Decalogo (1989-1990)
di Krzysztof Kieslowski
con Aleksander Bardini, Krystyna Janda, Henryk Baranowski, Jolanta Pietek-Gorecka
Dieci film della durata di un’ora circa, ognuno dedicato ai uno dei comandamenti. Questo è il Decalogo di Krzysztof Kieslowski, sorta di antesignano delle produzioni in serie a episodi non collegati l’uno con l’altro – si pensi a Black Mirror – visto che è stato realizzato a cavallo tra il 1989 e il 1990. Sgombriamo subito il campo da qualunque possibile dubbio: questo è grande cinema. Ed è grande cinema nonostante, in realtà, la produzione sia stata fatta per la televisione polacca perché, lo ribadisco, sono le idee e la visione del regista a rendere un film qualcosa di memorabile, non certo i budget e gli effetti speciali.
E nei vari episodi di effetti non ne vedrete, anzi è necessario entrare nell’ottica che si tratta di un prodotto pensato per la TV – dunque il formato è 4:3, con le bande nere ai due lati – negli anni ’80, perciò con una qualità dell’immagine modesta e attori vestiti e agghindati in modi… discutibili (parliamo pur sempre della Polonia di fine ‘900).

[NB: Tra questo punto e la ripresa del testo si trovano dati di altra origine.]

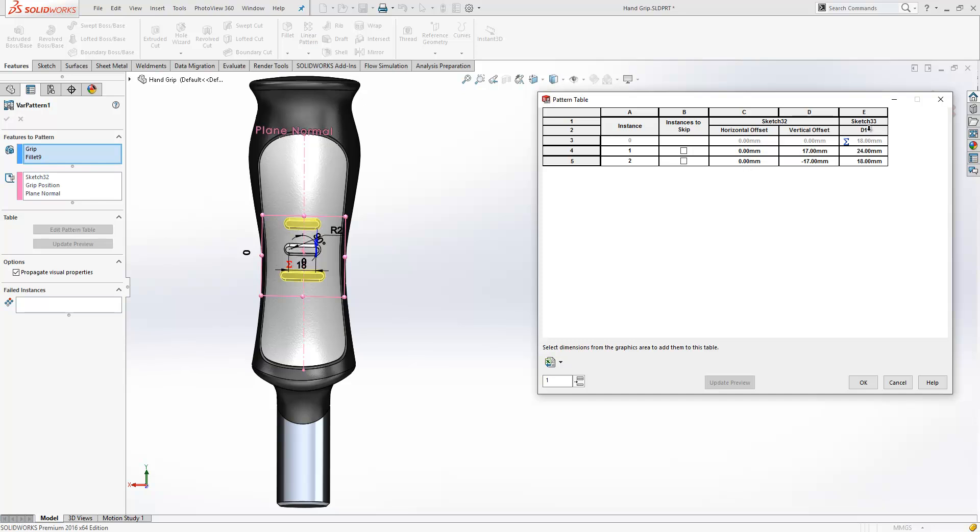You'll also see this value here is being driven by an equation. Much easier to see in 2016 because it carries the equation symbol next to it. So again, that didn't happen in previous releases.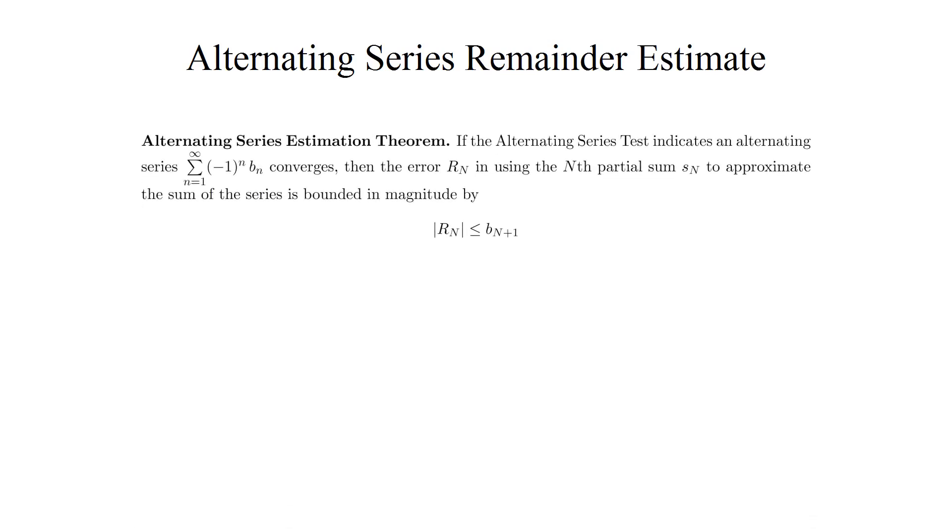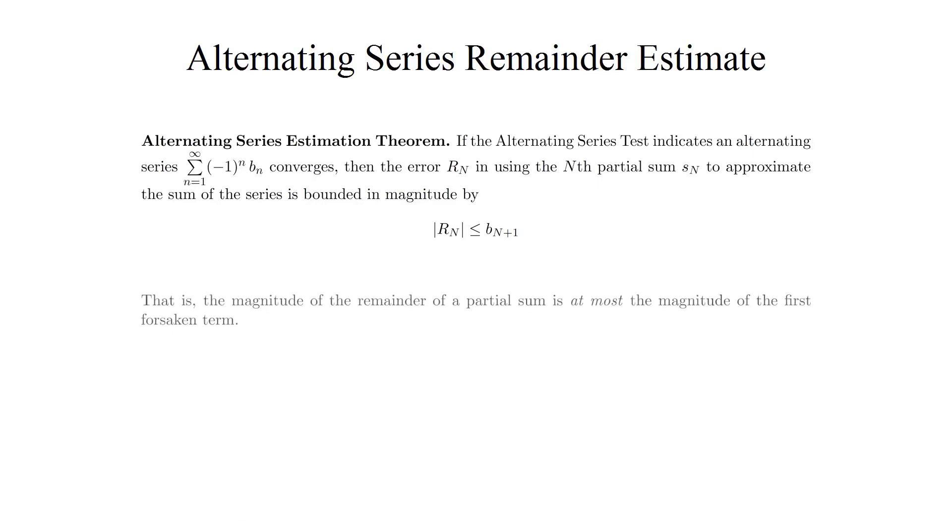The remainder estimate goes as follows. If the alternating series test indicates a given alternating series, sigma sum of negative one to the n b sub n, converges, then the error, or remainder, r sub n, in using the n-th partial sum to approximate the total sum of the series, is bounded in magnitude by b sub n plus one. That is, the magnitude of the remainder is at most the magnitude of the first forsaken term, the first term that you're not adding because you're stopping the partial sum at the n-th term.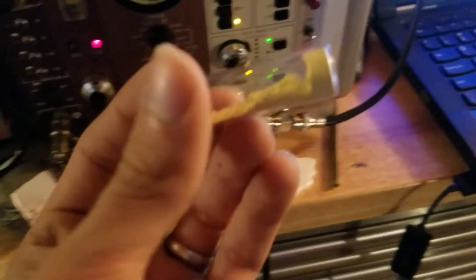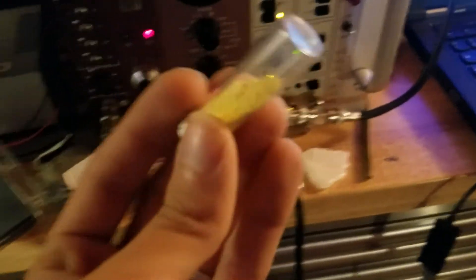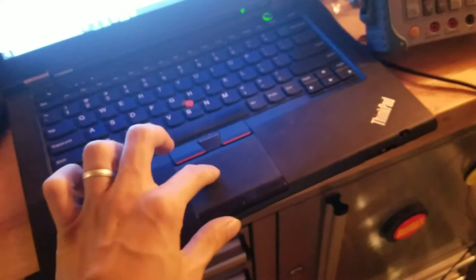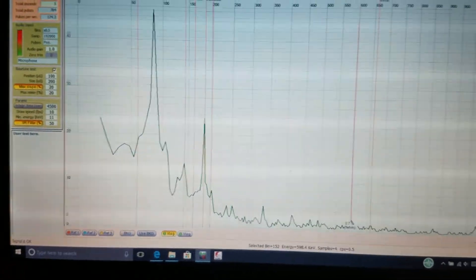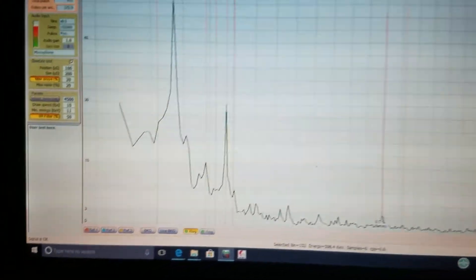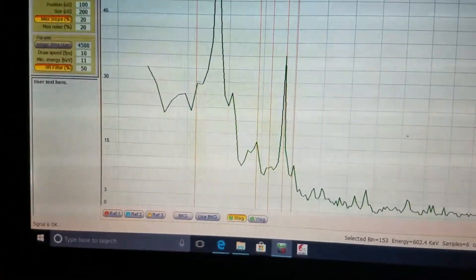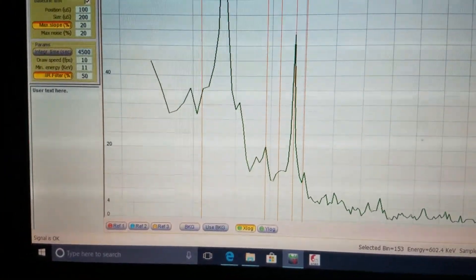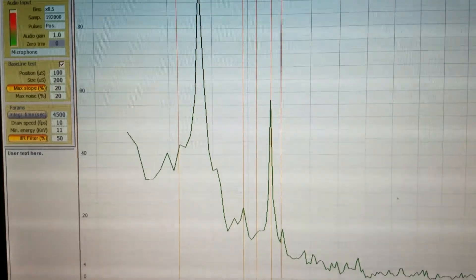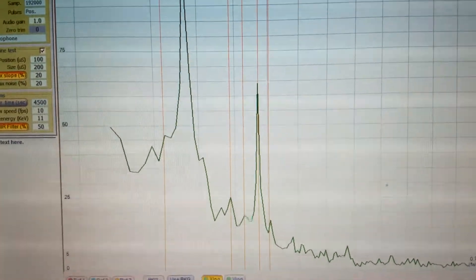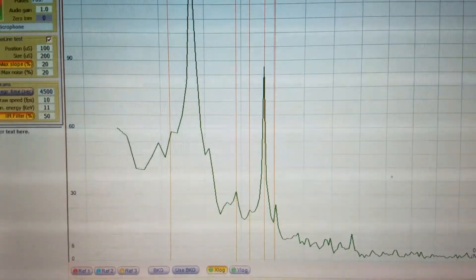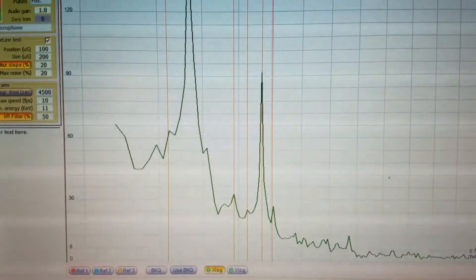This is a small sample of yellow cake. We'll see what it does. And right away you can see the main U-235 peak and the other three coming in.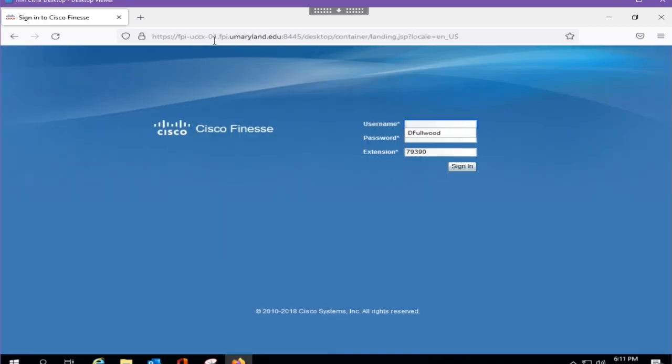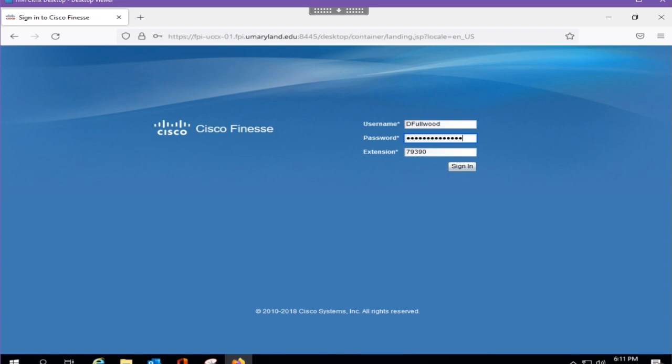Next, enter the Finesse login information that was provided to you by ITM or your manager. Please note that the username is case sensitive.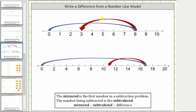We're asked to write a difference for each number line model. For any subtraction problem, the first value is the minuend. The value being subtracted is called the subtrahend. The result of the subtraction is called the difference.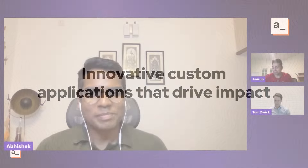Welcome, Anirup and Tom. I'm Abhishek. I'm the CEO and co-founder of AppSmith. I'm really excited to talk to both of you about how you use AppSmith at Twilio as well as at Omron.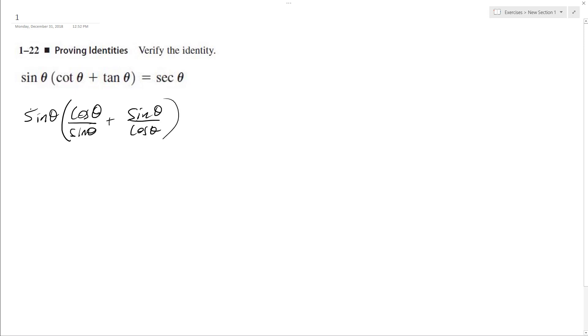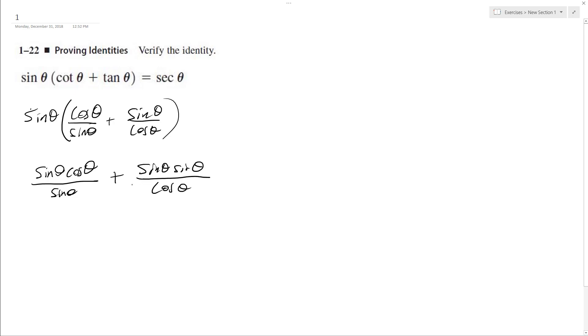So distribute the sine across, we get sine theta cosine theta over sine theta plus sine theta sine theta over cosine theta.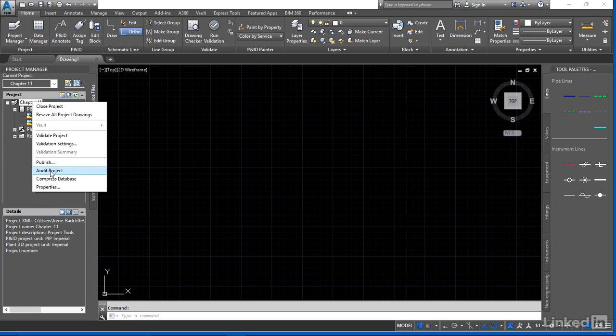When we compress the database, this actually gets rid of any extra fields. When the graphics deleted, it cleans out any orphaned entities that are still left in the database.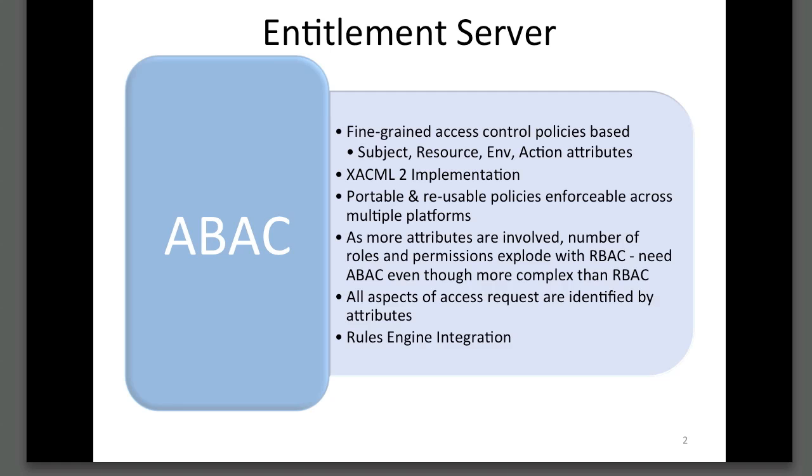In ABAC, a subject is allowed access to a resource based on attributes for a subject, resource, environment, and action.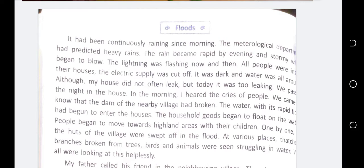चारों तरफ अंधेरा था और हर जगह पानी ही पानी था। Flood वाली situation में पानी बहुत ज़्यादा भर जाता है और property और life का loss हो जाता है। यह बच्चा बोल रहा है कि हमारा घर कभी नहीं लीक हुआ पर इस बार जो बारिश हुई उसमें हमारा घर भी लीक होने लगा। सुबह लोगों के चिल्लाने की आवाज़ आई और पता चला कि नज़दीक के गांव में जो dam था वो टूट गया है, जिससे पानी का level बहुत ज़्यादा बढ़ गया था।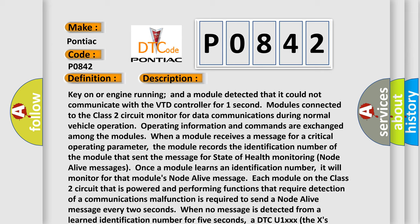When no message is detected from a learned identification number for 5 seconds, a DTC U1XXX (the Xs identify the 3-digit identification number) is set.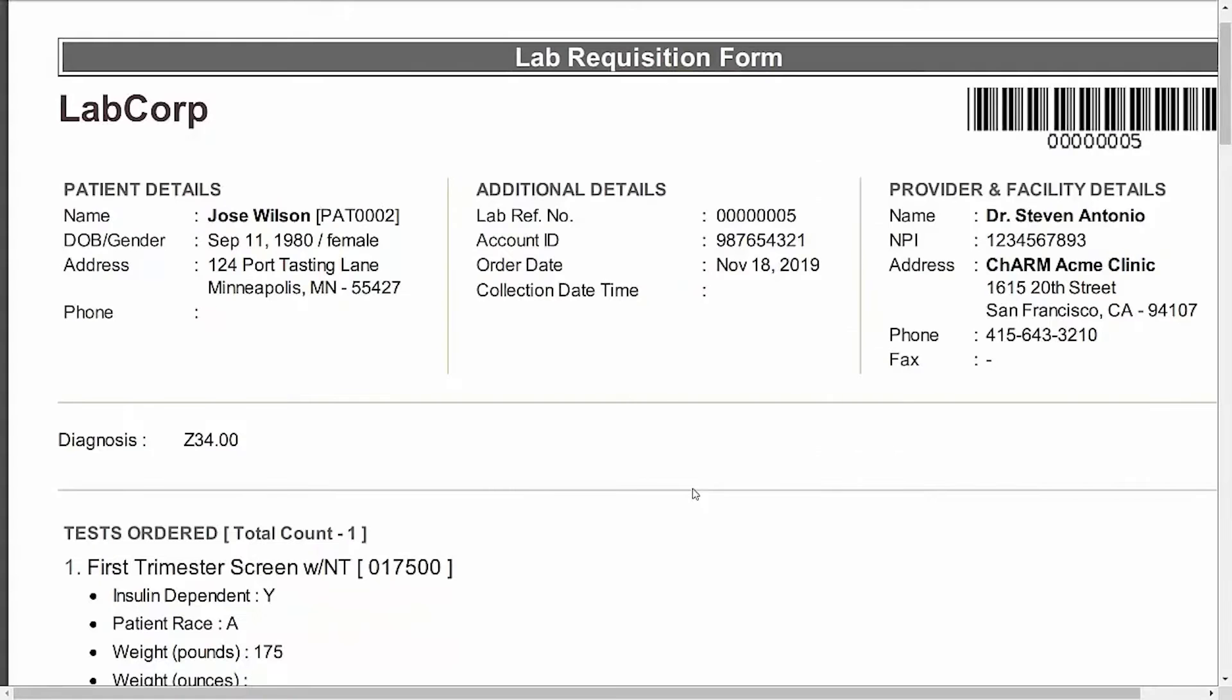Lab order contains complete details of test orders, AOE, diagnosis details, billing details, and LabCorp specific barcodes.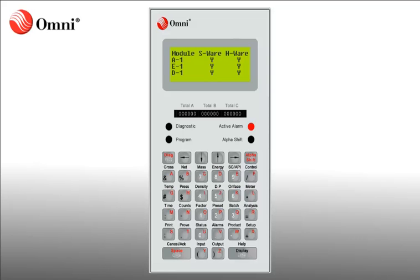OmniFlow computers have the ability to notify the operator of multiple alarm states when it senses a fault in the system. The operator can acknowledge the alarm status and investigate the fault without interrupting the OmniFlow computer's operation.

Tutto questo, però, passa in secondo piano quando si entra nelle singole vicende, tutte ambientate in un quartiere popolare di Varsavia, che dimostrano una volta in più come siano le storie e la capacità di narrarle a fare la differenza. Ogni racconto si ispira al comandamento cristiano corrispondente al numero e stupisce per come riesca a proporre situazioni che contrappongono razionalità e fede, costringendo i protagonisti ad affrontare dilmmi morali originali ma anche dannatamente concreti. Che cosa farà la donna incinta al capezzale del marito morente che però non è il padre del bambino? E l’uomo con una malattia che l’ha reso impotente quando scoprirà del tradimento della moglie? O la giovane donna, legata in modo morboso al padre, quando verrà a sapere di non essere la sua figlia naturale?
Alle singole storie, che già di per sé sono in grado di catturare l’attenzione e smuovere la coscienza, si aggiunge la straordinaria capacità del regista di raccontarle, attraverso la scelta di ogni singola inquadratura, dei tempi, delle sottrazioni, dei volti dolenti degli attori e delle facciate grigie e fangose della case popolari.
Da vedere assolutamente (e un plauso ad Amazon Prime Video che l’ha reso disponibile).